··· Records for this task ···

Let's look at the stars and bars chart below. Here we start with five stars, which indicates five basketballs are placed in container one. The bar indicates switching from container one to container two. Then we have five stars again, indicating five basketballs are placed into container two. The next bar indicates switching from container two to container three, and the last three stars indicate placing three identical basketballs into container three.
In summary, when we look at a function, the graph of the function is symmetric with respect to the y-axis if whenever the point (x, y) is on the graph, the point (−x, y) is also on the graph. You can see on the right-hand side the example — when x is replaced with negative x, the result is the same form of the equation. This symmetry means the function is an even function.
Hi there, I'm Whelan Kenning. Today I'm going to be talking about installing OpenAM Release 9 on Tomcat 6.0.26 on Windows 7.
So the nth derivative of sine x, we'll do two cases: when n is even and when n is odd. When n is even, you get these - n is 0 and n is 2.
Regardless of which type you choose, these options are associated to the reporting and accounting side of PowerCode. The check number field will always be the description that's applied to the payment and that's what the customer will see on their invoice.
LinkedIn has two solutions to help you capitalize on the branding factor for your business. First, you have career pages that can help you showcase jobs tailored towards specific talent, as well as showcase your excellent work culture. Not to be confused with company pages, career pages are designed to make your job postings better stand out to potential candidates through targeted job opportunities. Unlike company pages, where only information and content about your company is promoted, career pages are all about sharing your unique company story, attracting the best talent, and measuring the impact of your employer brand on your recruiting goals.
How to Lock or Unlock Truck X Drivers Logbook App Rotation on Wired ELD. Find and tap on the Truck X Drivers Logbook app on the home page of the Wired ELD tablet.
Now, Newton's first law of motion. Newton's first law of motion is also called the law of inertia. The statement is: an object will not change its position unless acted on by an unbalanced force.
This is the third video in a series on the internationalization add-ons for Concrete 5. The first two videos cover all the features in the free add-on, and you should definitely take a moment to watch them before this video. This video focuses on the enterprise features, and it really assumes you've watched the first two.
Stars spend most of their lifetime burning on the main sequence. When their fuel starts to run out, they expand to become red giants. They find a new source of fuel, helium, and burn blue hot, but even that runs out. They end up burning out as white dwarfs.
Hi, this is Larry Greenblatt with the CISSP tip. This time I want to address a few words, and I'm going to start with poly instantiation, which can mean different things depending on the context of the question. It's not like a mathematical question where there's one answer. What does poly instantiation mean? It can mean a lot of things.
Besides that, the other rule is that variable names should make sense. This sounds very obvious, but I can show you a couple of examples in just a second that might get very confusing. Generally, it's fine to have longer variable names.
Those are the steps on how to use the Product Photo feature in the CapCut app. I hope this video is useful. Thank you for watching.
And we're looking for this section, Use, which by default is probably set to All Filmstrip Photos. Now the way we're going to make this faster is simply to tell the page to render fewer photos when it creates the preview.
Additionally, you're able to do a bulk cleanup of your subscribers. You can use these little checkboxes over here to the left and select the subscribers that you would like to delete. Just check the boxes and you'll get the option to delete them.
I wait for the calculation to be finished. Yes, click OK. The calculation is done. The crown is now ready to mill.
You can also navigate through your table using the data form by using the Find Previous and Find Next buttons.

···

*Your goal*. With no line omitted, copy all the data exactly.

*Result of the task*.
Let's look at the stars and bars chart below. Here we start with five stars, which indicates five basketballs are placed in container one. The bar indicates switching from container one to container two. Then we have five stars again, indicating five basketballs are placed into container two. The next bar indicates switching from container two to container three, and the last three stars indicate placing three identical basketballs into container three.
In summary, when we look at a function, the graph of the function is symmetric with respect to the y-axis if whenever the point (x, y) is on the graph, the point (−x, y) is also on the graph. You can see on the right-hand side the example — when x is replaced with negative x, the result is the same form of the equation. This symmetry means the function is an even function.
Hi there, I'm Whelan Kenning. Today I'm going to be talking about installing OpenAM Release 9 on Tomcat 6.0.26 on Windows 7.
So the nth derivative of sine x, we'll do two cases: when n is even and when n is odd. When n is even, you get these - n is 0 and n is 2.
Regardless of which type you choose, these options are associated to the reporting and accounting side of PowerCode. The check number field will always be the description that's applied to the payment and that's what the customer will see on their invoice.
LinkedIn has two solutions to help you capitalize on the branding factor for your business. First, you have career pages that can help you showcase jobs tailored towards specific talent, as well as showcase your excellent work culture. Not to be confused with company pages, career pages are designed to make your job postings better stand out to potential candidates through targeted job opportunities. Unlike company pages, where only information and content about your company is promoted, career pages are all about sharing your unique company story, attracting the best talent, and measuring the impact of your employer brand on your recruiting goals.
How to Lock or Unlock Truck X Drivers Logbook App Rotation on Wired ELD. Find and tap on the Truck X Drivers Logbook app on the home page of the Wired ELD tablet.
Now, Newton's first law of motion. Newton's first law of motion is also called the law of inertia. The statement is: an object will not change its position unless acted on by an unbalanced force.
This is the third video in a series on the internationalization add-ons for Concrete 5. The first two videos cover all the features in the free add-on, and you should definitely take a moment to watch them before this video. This video focuses on the enterprise features, and it really assumes you've watched the first two.
Stars spend most of their lifetime burning on the main sequence. When their fuel starts to run out, they expand to become red giants. They find a new source of fuel, helium, and burn blue hot, but even that runs out. They end up burning out as white dwarfs.
Hi, this is Larry Greenblatt with the CISSP tip. This time I want to address a few words, and I'm going to start with poly instantiation, which can mean different things depending on the context of the question. It's not like a mathematical question where there's one answer. What does poly instantiation mean? It can mean a lot of things.
Besides that, the other rule is that variable names should make sense. This sounds very obvious, but I can show you a couple of examples in just a second that might get very confusing. Generally, it's fine to have longer variable names.
Those are the steps on how to use the Product Photo feature in the CapCut app. I hope this video is useful. Thank you for watching.
And we're looking for this section, Use, which by default is probably set to All Filmstrip Photos. Now the way we're going to make this faster is simply to tell the page to render fewer photos when it creates the preview.
Additionally, you're able to do a bulk cleanup of your subscribers. You can use these little checkboxes over here to the left and select the subscribers that you would like to delete. Just check the boxes and you'll get the option to delete them.
I wait for the calculation to be finished. Yes, click OK. The calculation is done. The crown is now ready to mill.
You can also navigate through your table using the data form by using the Find Previous and Find Next buttons.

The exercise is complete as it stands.